Les tapis Glaoua portent en eux le symbole des paysages
divers et du voyage; les franges groupées en mèches à intervalles réguliers sur
les bords permettent aux voyageurs de nouer le tapis replié en sac sur l'envers.
Souvent noirs, ces liens conjurent le mauvais sort et les dangers associés aux
périples. Les points de l'ouvrage, liés à la représentation du dehors, reflètent
une aire géographique précise dans laquelle s'organisent les éléments stylisés
de la nature. La rivière court autour du tapis alors que la trame et la chaîne
tissés simplement évoquent les oasis, les plaines et plateaux couverts de
fleurs. Le nouage avec ses brins dressés rappelle la hauteur des collines
Les formes stylisées que les tisserandes
reproduisent fidèlement leur rappellent des éléments de leur culture
(chemin, rivière, fleurs, miroirs, gâteaux, étoiles, scarabées,
scorpions, etc.).
La théière de profil, souvent placée au centre de
l'ouvrage est pleine de sens, en référence à l'accueil et la
convivialité chers aux villageois.
Le tissage revêt une symbolique incontestable au Maroc et
dans le Haut-Atlas. Les motifs géométriques et leur combinaison n'ont de sens
que pour ceux qui les produisent. Il existe une correspondance chez les Berbères
entre les tatouages des femmes, les motifs peints ou gravés sur les poteries et
ceux des tapis. Parfois ils servent à identifier les animaux domestiques qui en
sont marqués.
Losanges, lignes brisées, damiers, chevrons, croix,
croisillons droits ou obliques, peignes, étoiles sont les motifs les
plus fréquemment rencontrés.
D'autres figures composées de losanges incarnent des
scarabées ou des scorpions.
Représenté seul, le losange est parfois vu comme l'oeil
qui protège des mauvais sorts.
Les papillons sous la forme de deux triangles se
touchant par une de leurs pointes sont également des fleurs ou des
étoiles, symboles de la beauté féminine.
Une ligne en forme de zig-zag ininterrompue cerne souvent le tapis. Pour
certaines, c'est le ruisseau, également représenté par une ligne continue,
le serpent ou la famille.
Les rameaux expriment la difficulté, le
danger mais aussi les végétaux et l'arbre de vie.
Les peignes isolés
ou réciproques rappellent les instruments du tissage.

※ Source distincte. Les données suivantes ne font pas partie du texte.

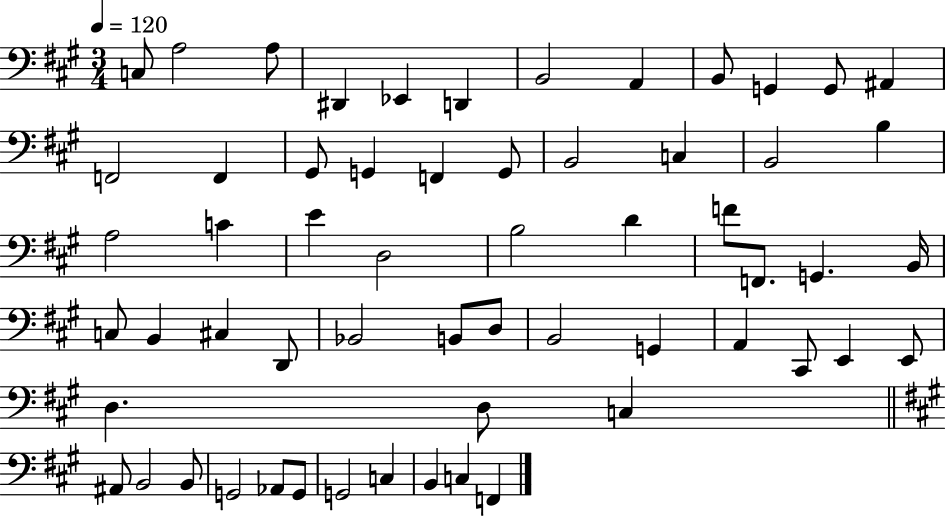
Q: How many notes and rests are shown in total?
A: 59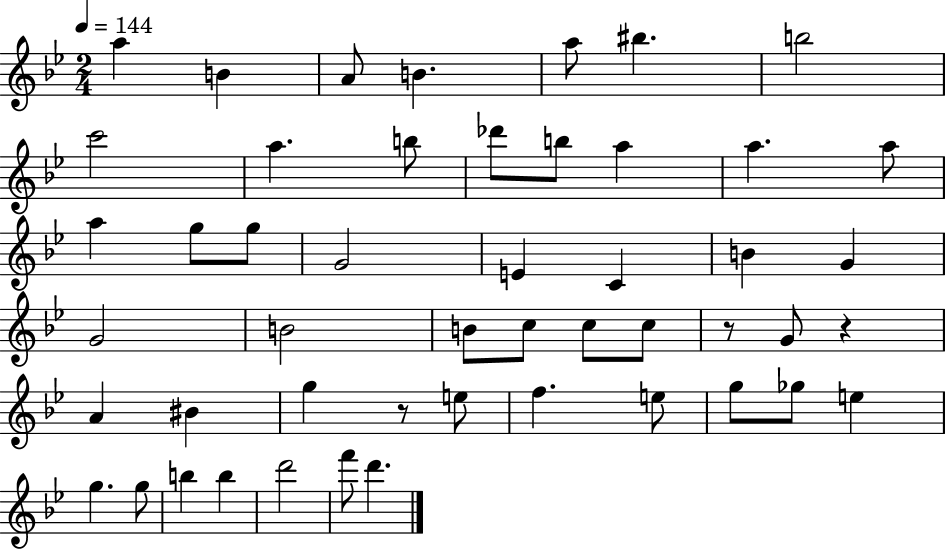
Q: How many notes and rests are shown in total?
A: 49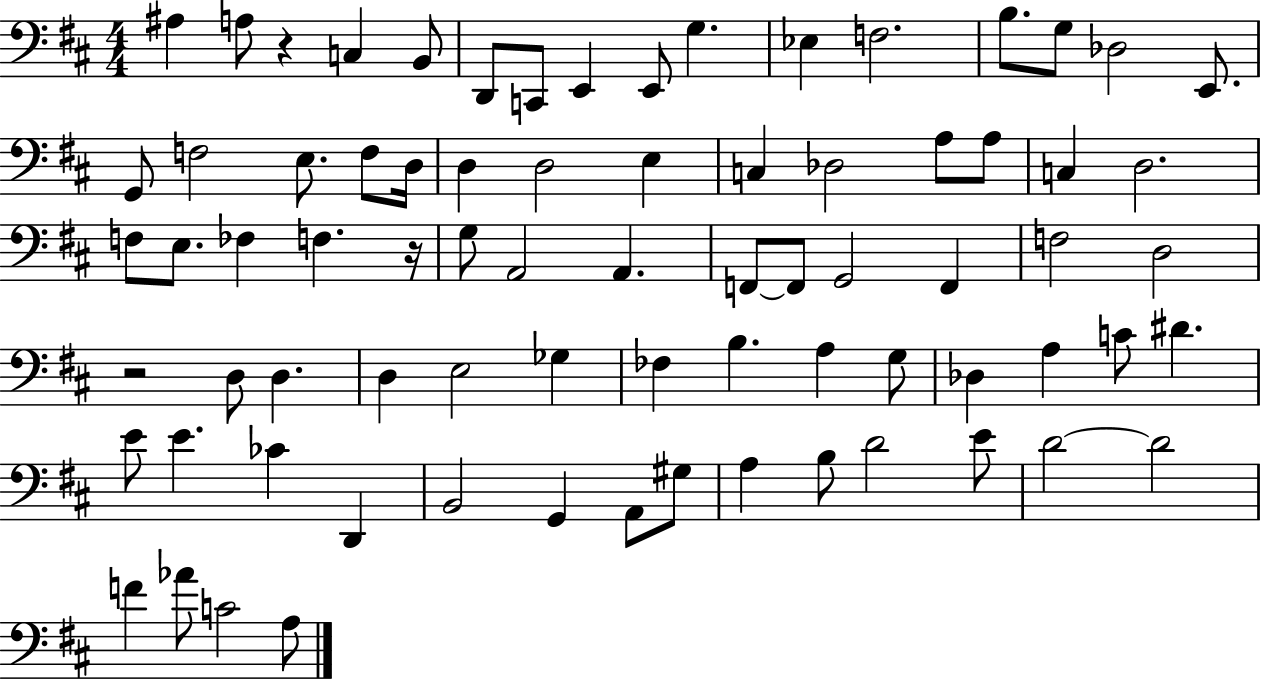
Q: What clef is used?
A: bass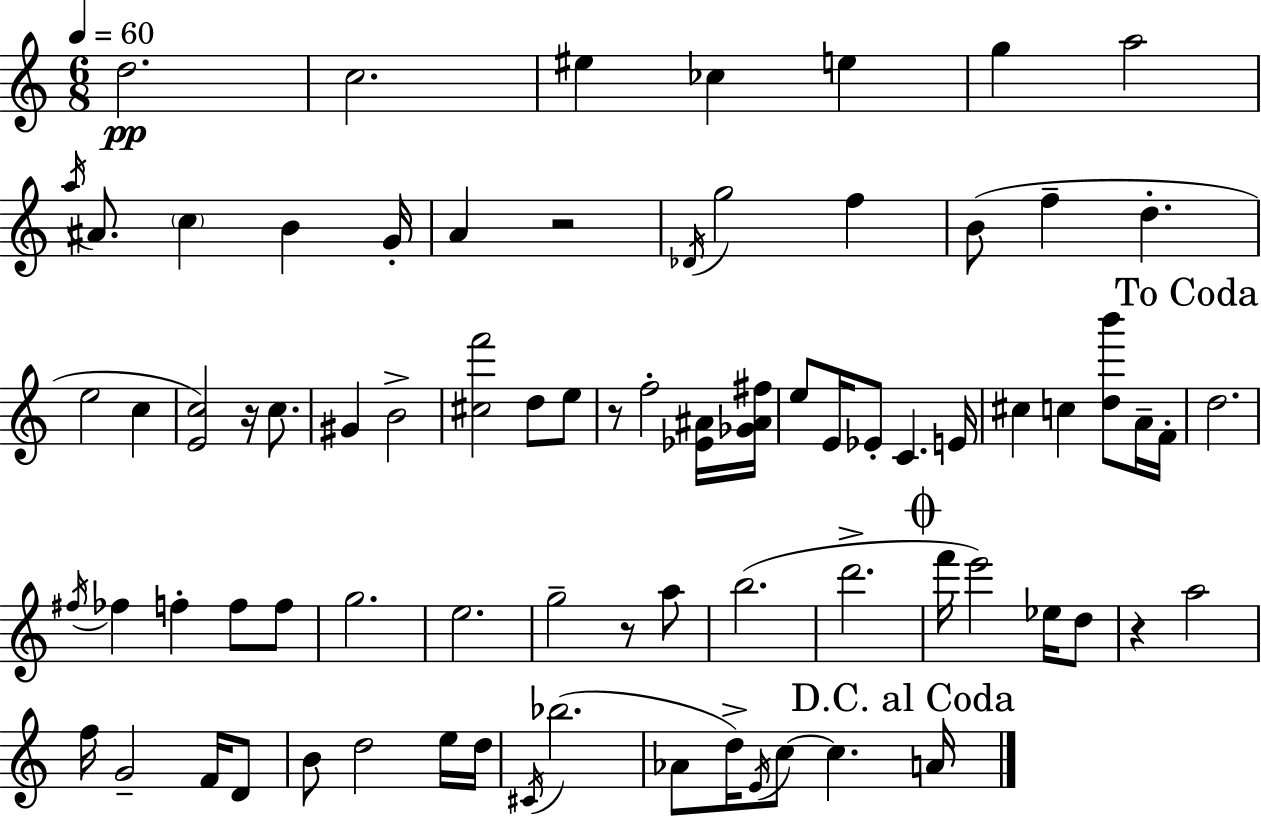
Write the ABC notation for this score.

X:1
T:Untitled
M:6/8
L:1/4
K:C
d2 c2 ^e _c e g a2 a/4 ^A/2 c B G/4 A z2 _D/4 g2 f B/2 f d e2 c [Ec]2 z/4 c/2 ^G B2 [^cf']2 d/2 e/2 z/2 f2 [_E^A]/4 [_G^A^f]/4 e/2 E/4 _E/2 C E/4 ^c c [db']/2 A/4 F/4 d2 ^f/4 _f f f/2 f/2 g2 e2 g2 z/2 a/2 b2 d'2 f'/4 e'2 _e/4 d/2 z a2 f/4 G2 F/4 D/2 B/2 d2 e/4 d/4 ^C/4 _b2 _A/2 d/4 E/4 c/2 c A/4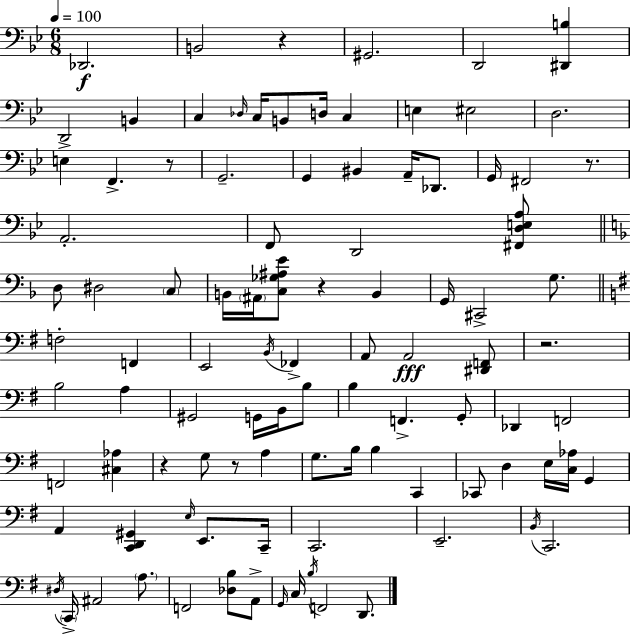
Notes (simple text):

Db2/h. B2/h R/q G#2/h. D2/h [D#2,B3]/q D2/h B2/q C3/q Db3/s C3/s B2/e D3/s C3/q E3/q EIS3/h D3/h. E3/q F2/q. R/e G2/h. G2/q BIS2/q A2/s Db2/e. G2/s F#2/h R/e. A2/h. F2/e D2/h [F#2,D3,E3,A3]/e D3/e D#3/h C3/e B2/s A#2/s [C3,Gb3,A#3,E4]/e R/q B2/q G2/s C#2/h G3/e. F3/h F2/q E2/h B2/s FES2/q A2/e A2/h [D#2,F2]/e R/h. B3/h A3/q G#2/h G2/s B2/s B3/e B3/q F2/q. G2/e Db2/q F2/h F2/h [C#3,Ab3]/q R/q G3/e R/e A3/q G3/e. B3/s B3/q C2/q CES2/e D3/q E3/s [C3,Ab3]/s G2/q A2/q [C2,D2,G#2]/q E3/s E2/e. C2/s C2/h. E2/h. B2/s C2/h. D#3/s C2/s A#2/h A3/e. F2/h [Db3,B3]/e A2/e G2/s C3/s B3/s F2/h D2/e.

La femme, libre dans son espace, pieds écartés et bras levés, prend
l'allure d'un signe de l'alphabet tifinagh.
La croix de patte de perdrix, la main de Fatma et la ceinture de
mariée sont fréquemment représentées.
La croix berbère, souvent au centre du tapis, rappelle l'architecture
de la kasbah.
Le caractère inachevé de l'oeuvre est un trait quasi permanent. Pour
conserver la baraka contenue dans la laine, les tisserandes doivent faire
preuve d'humilité. "Seul Dieu est parfait". Elles omettent donc
volontairement la dernière figure d'une série par exemple.
L'art du tapis
aujourd'hui révèle la connaissance du calcul par la tisserande et les
notions nouvelles du savoir diffusées par l'école. Les vieilles femmes à se
livrer au tissage des tapis sont rares car elles ignorent pour la plupart le
calcul et la géométrie et ne sont pas en mesure de compter les noeuds.
Autrefois, seules les plus expérimentées tissaient l' "akhnif" (large
cape polychrome aux motifs du groupe tribal) qui nécessitait de savoir
compter.
Aujourd'hui, presque toutes les jeunes femmes font des tapis à
noeuds polychromes; les villageoises qui ont fréquenté l'école primaire
permettent ainsi à la technique de s'épanouir et de rejoindre la tradition
mais également à apprendre la technique du tapis à leurs aînées.
Les tapis à noeuds sont décorés d'une
grande variété de motifs alors que les couvertures ont conservé la
simplicité de leur décor. Ainsi, le tissu rayé de couleurs rappelle le champ
couvert de sillons à l'époque des semailles.